Any ideas how to fix this?

May 20 '23 13:05 ggerganov

@ggerganov I think you're on an old version of transformers Try updating it: pip install -U transformers

May 20 '23 14:05 NouamaneTazi

@ggerganov I've been trying to increase context's memory pool by modifying this part of the code

        ctx_size += 10 * 1024 * 1024; // TODO: tune this

        printf("%s: ggml ctx size = %6.2f MB\n", __func__, ctx_size/(1024.0*1024.0));

but it doesnt seem to affect ctx->mem_size because the error message is always the same: ggml_new_tensor_impl: not enough space in the context's memory pool (needed 268637760, available 268435456) ( ctx->mem_size = 268435456 where it should be more)
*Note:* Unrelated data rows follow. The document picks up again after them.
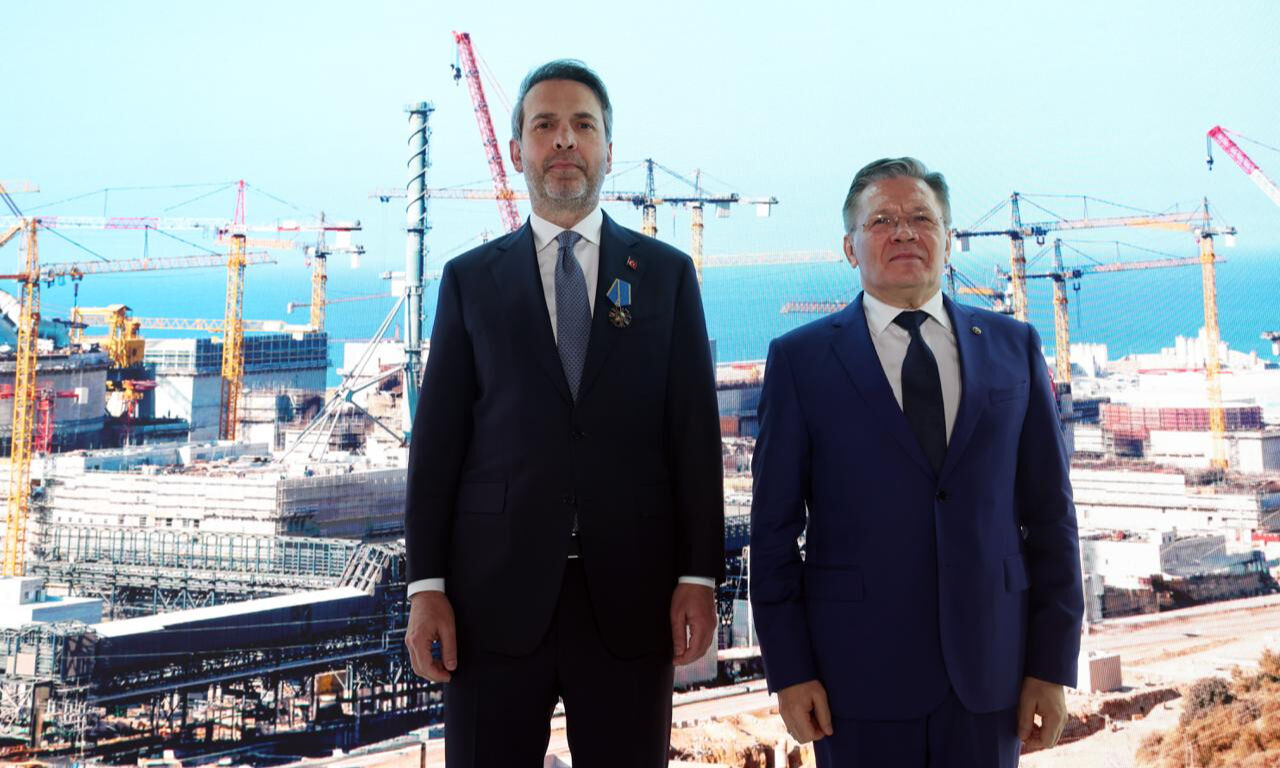 Bakan Bayraktar Moskova'da duyurdu!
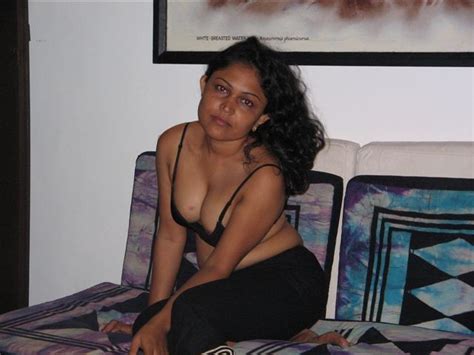 cute indian honeymoon wife s sweet pink pussy and sex photos leaked 109pix
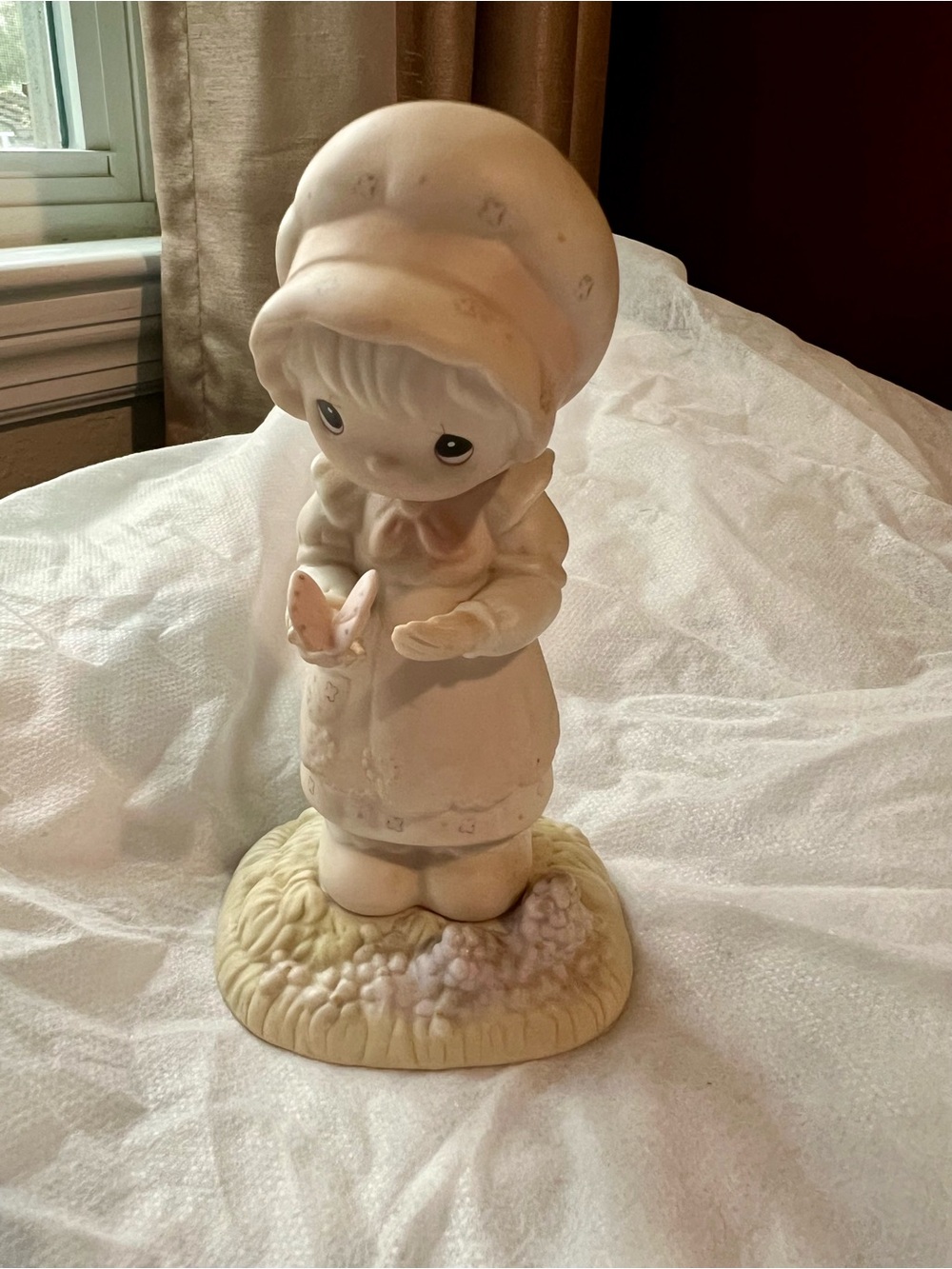 Precious Moments 1982 - We are Gods Workmanship - Item# E-925B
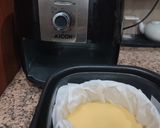 Foto langkah ke 4 dari resep Burnt Cheese Cake.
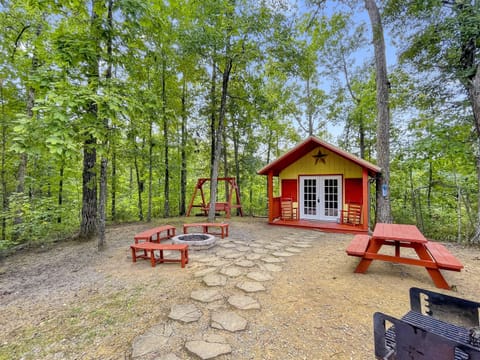 At Mighty Sunrise, you will love grilling up some tasty BBQ while your family and friends hang out at the fire pit or play pool in our game shed.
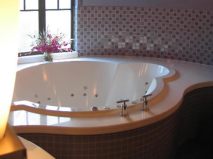 A bespoke luxury bath, designed by Cabuchon.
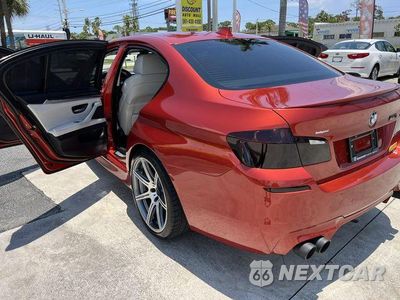 Czwarte zdjęcie samochodu z boku: 2013 BMW M5 VIN:WBSFV9C57DC773911 - miniatura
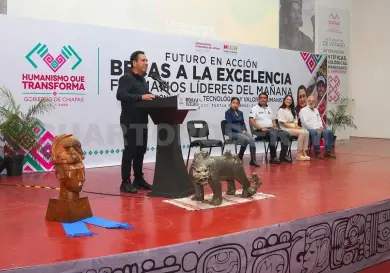 Entrega ERA becas para incentivar la vocación humanista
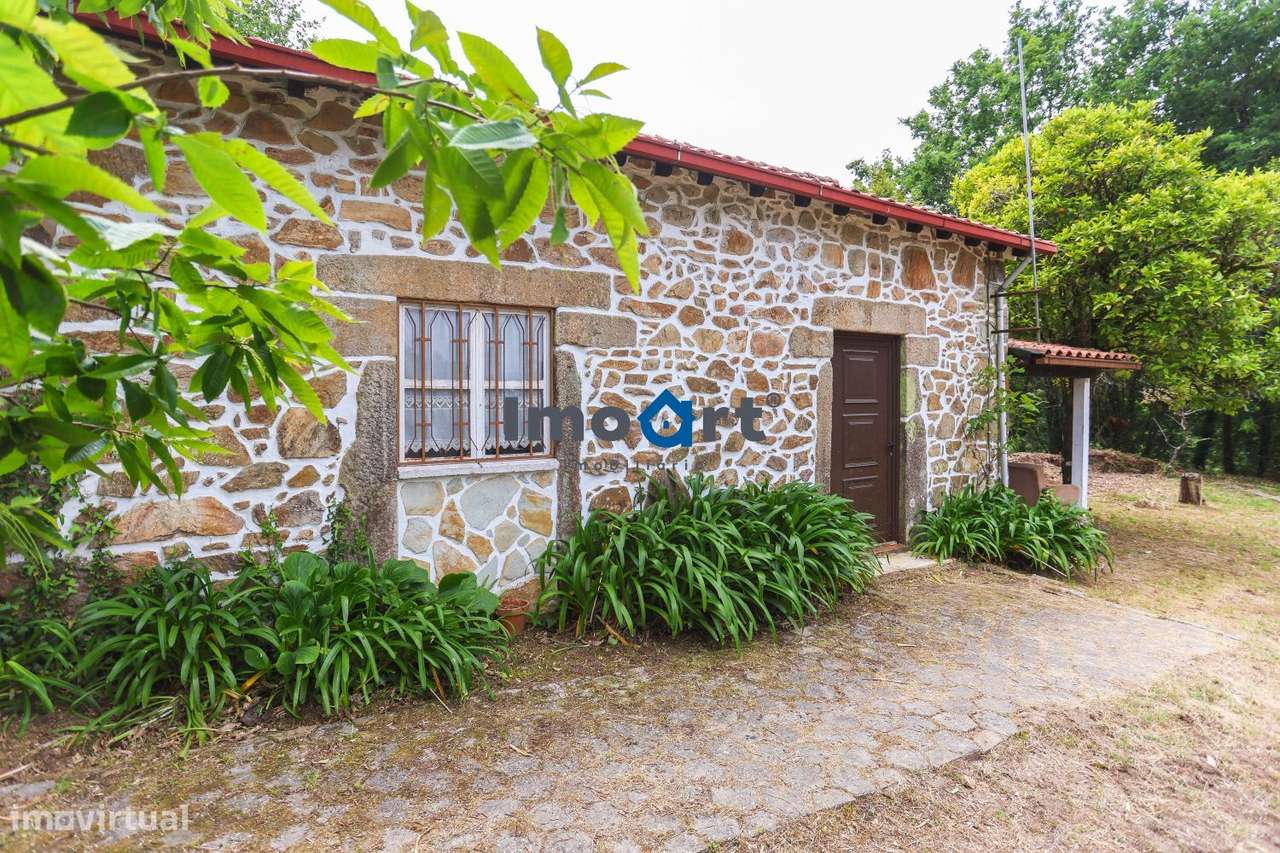 Quinta/Moradia em Pedra com 5.500 m² de Terreno em Fornelos – Ponte-22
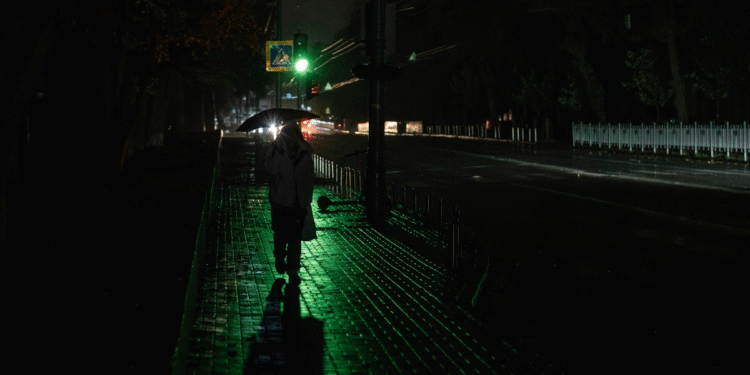 Ataque de Rusia deja sin luz a miles en Odesa, Ucrania, en plena antesala del invierno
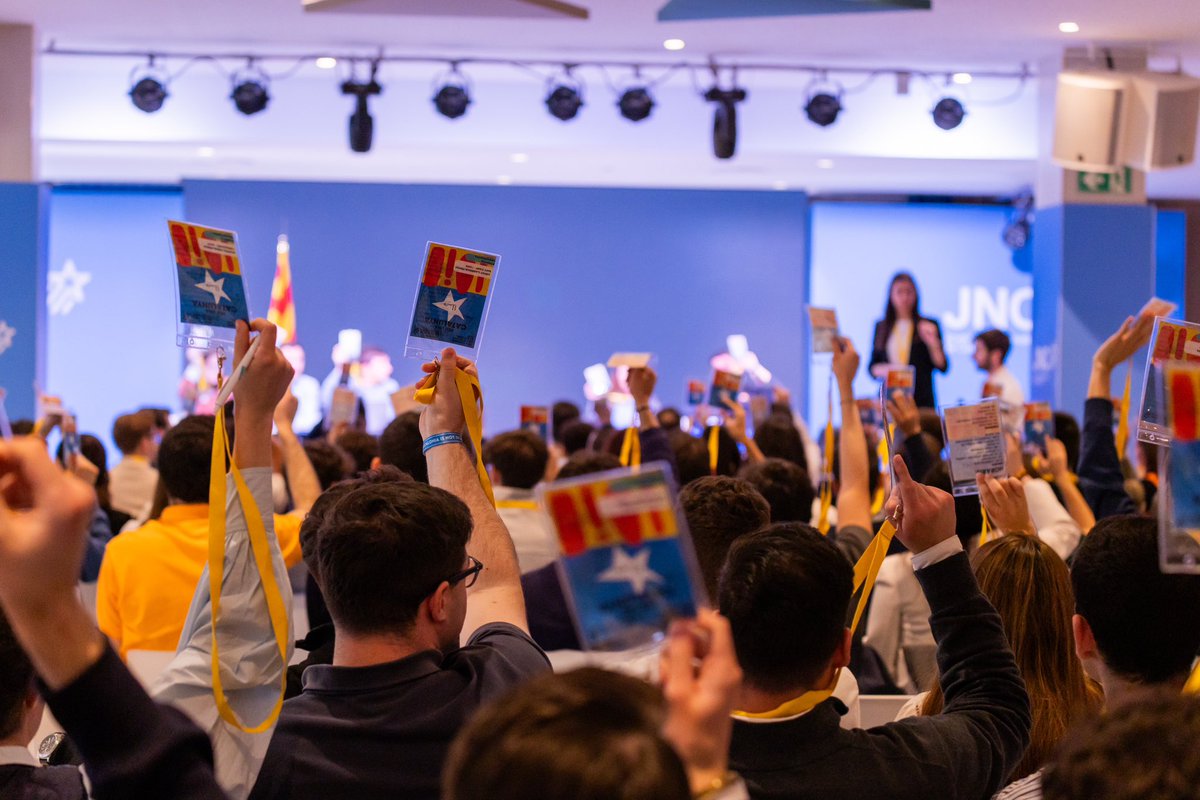 eric_oms's tweet photo. Ahir vam celebrar el XXIII Congrés de la @JNCatalunya ! Felicitats  @agusti_aleix com a nou Secretari General i @CarlotaMonfort com a nova Presidenta. Endavant amb força i il·lusió per continuar treballant pel futur del nostre país! #JNC #Jovent #Futur https://t.co/JA8QMwKZfI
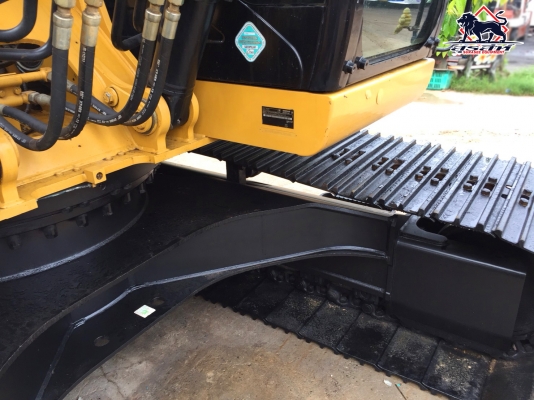 ขายรถแบ็คโฮ CAT 320D (Japan) ใช้งานเพียง 6,774 ชั่วโมง สภาพนางฟ้า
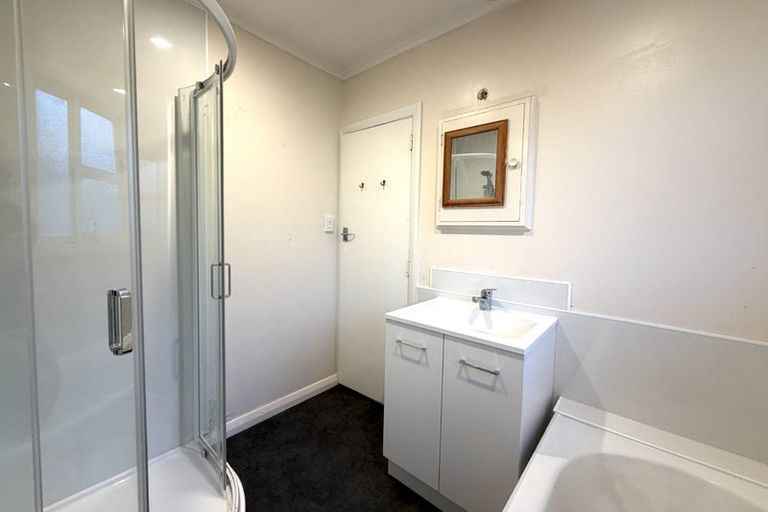 Photo of property in 11 Winara Avenue, Waikanae, 5036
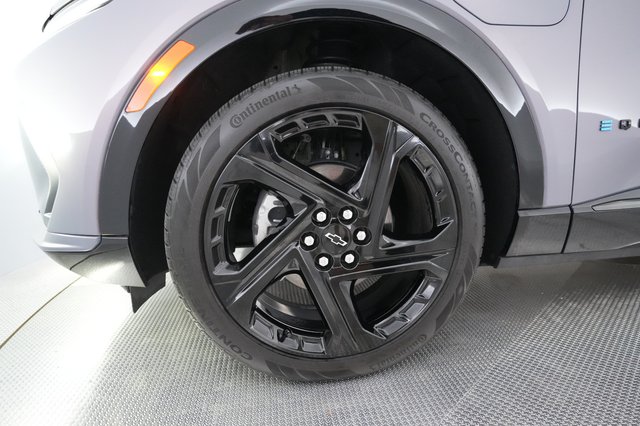 2024 Chevrolet Equinox EV — photo 16 of 20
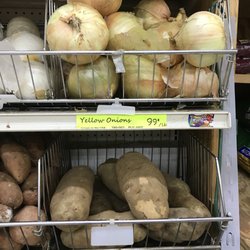 Swansea Bi-Rite Galaxy Foods - Biggest onions & potatoes I've Ever Seen!!!!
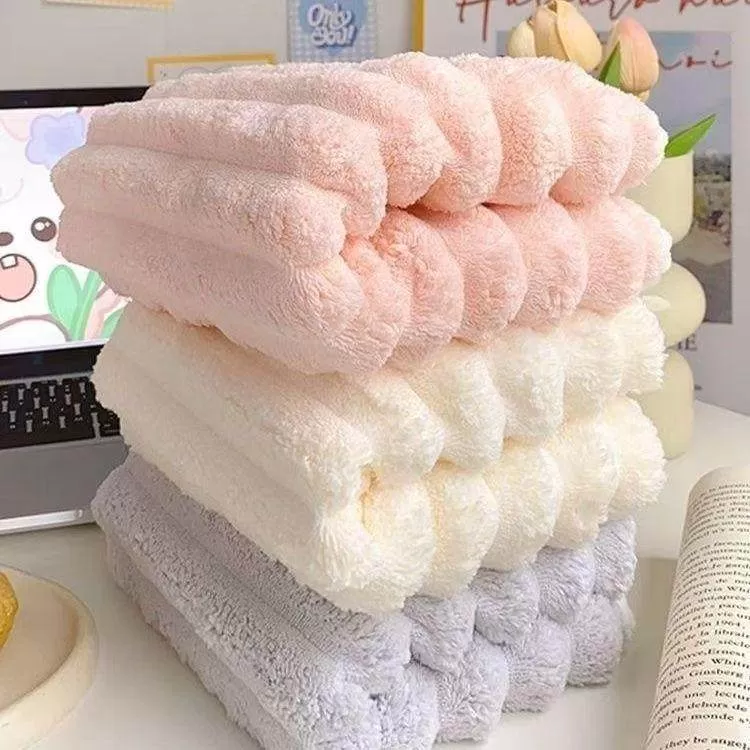 毛巾吸水珊瑚绒速干成人洗脸不易洗澡面巾学生宿舍糖果色柔软a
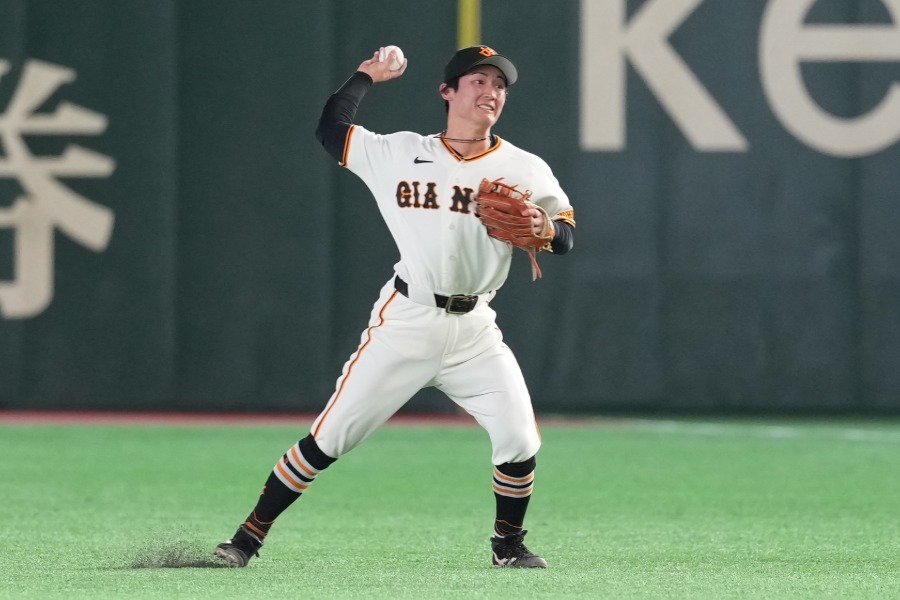 阪神戦で好守を見せた巨人・浦田俊輔【写真:井上学】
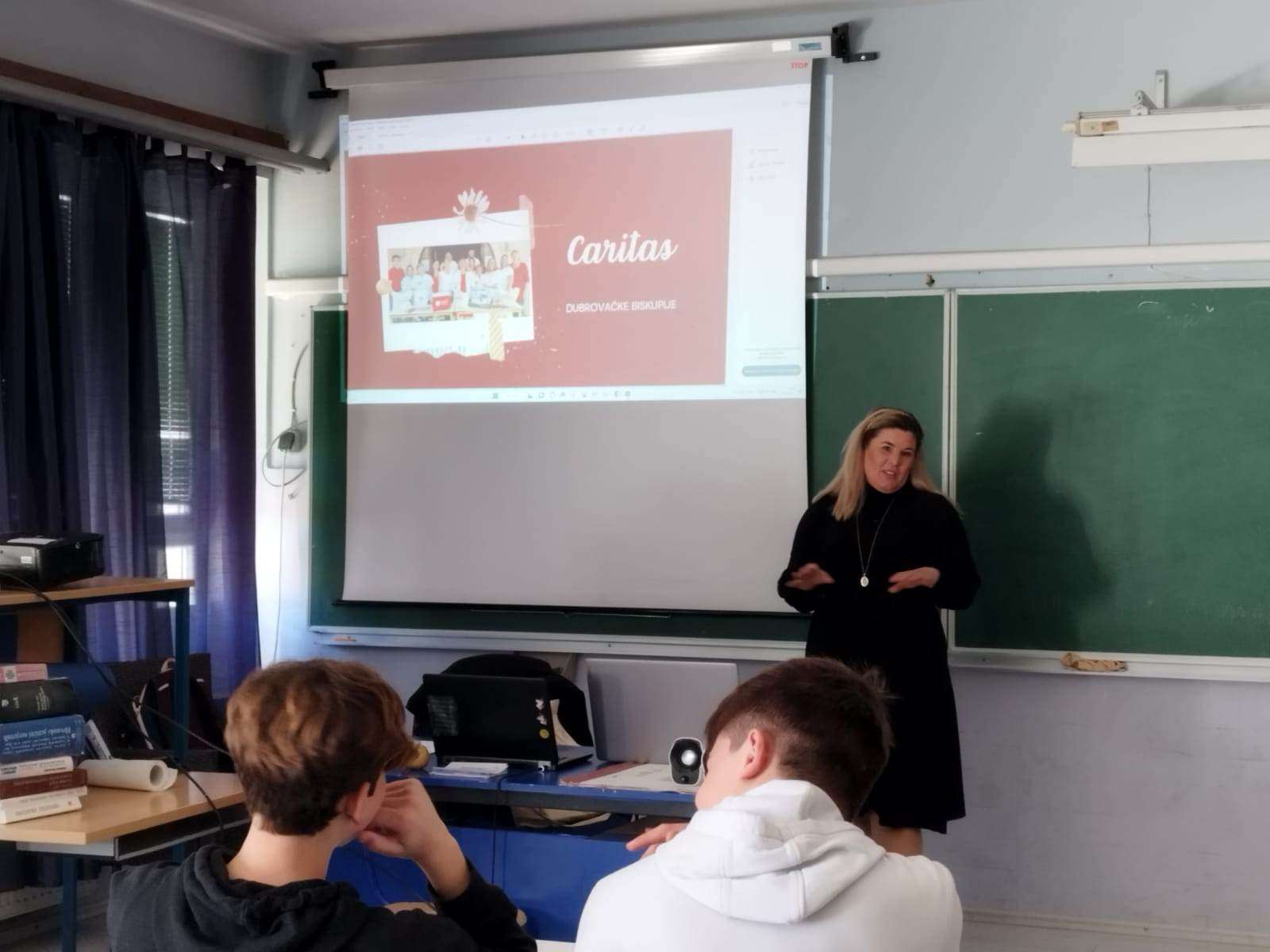 Korčula: radosni susreti s učenicima u školama i sastanci sa župnim Caritasima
Any idea how to increase ctx->mem_size? Relevant PR

May 20 '23 15:05 NouamaneTazi

The problem is in the "eval" context:

https://github.com/ggerganov/ggml/blob/c2fab8a3503b6e6fbf480be993f24c21951d3af0/examples/starcoder/main.cpp#L415-L431

Currently, it starts with a 256 MB buffer and is increased based on N. But this does not take into account n_past and in general is a very memory wasteful approach since the entire compute graph results are stored in this buffer.

Here I tried to improve this using scratch buffers: https://github.com/ggerganov/ggml/pull/176

Please give it a try and let me know if your tests still crash using this version

May 20 '23 15:05 ggerganov

I am observing a similar issue with the python wrapper llama-cpp-llama: https://github.com/abetlen/llama-cpp-python/issues/356

Jun 10 '23 04:06 vmajor

Hi I was trying GPT4all 1.3 groovy model and i faced the same issue. i am not able to understand why this is happening, Can anybody provide me with some solution for it.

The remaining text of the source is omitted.